▸ **WORK ORDER**: The required output is the line containing "Plats cuisinés - TRADITION" followed by each line through the end of the data below, repeated exactly and with nothing added.

[[ DATASET ENTRIES open ]]

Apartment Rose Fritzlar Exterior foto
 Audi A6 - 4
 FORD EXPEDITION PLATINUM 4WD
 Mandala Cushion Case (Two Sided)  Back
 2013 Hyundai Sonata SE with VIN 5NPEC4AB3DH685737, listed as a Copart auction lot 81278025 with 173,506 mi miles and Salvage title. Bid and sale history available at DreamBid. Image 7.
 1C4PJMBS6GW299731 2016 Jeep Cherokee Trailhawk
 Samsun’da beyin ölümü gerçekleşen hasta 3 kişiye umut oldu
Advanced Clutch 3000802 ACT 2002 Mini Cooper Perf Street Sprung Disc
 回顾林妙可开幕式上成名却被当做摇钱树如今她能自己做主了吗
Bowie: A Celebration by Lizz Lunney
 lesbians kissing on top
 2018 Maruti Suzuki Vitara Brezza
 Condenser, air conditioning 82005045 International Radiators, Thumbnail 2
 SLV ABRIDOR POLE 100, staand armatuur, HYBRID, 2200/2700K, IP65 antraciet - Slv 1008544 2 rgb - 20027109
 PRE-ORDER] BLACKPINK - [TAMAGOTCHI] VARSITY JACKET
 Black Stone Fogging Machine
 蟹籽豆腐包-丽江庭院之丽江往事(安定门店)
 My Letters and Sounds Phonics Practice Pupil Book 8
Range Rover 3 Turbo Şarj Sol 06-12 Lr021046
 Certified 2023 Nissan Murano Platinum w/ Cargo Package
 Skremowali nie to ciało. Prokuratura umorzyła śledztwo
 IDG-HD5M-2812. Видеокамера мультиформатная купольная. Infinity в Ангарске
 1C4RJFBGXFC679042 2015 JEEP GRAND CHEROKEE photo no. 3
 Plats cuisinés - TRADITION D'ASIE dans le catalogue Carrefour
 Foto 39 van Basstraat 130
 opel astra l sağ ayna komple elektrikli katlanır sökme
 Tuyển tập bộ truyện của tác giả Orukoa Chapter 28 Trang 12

[[ DATASET ENTRIES closed ]]

▸ **EXPECTED ANSWER**:
 Plats cuisinés - TRADITION D'ASIE dans le catalogue Carrefour
 Foto 39 van Basstraat 130
 opel astra l sağ ayna komple elektrikli katlanır sökme
 Tuyển tập bộ truyện của tác giả Orukoa Chapter 28 Trang 12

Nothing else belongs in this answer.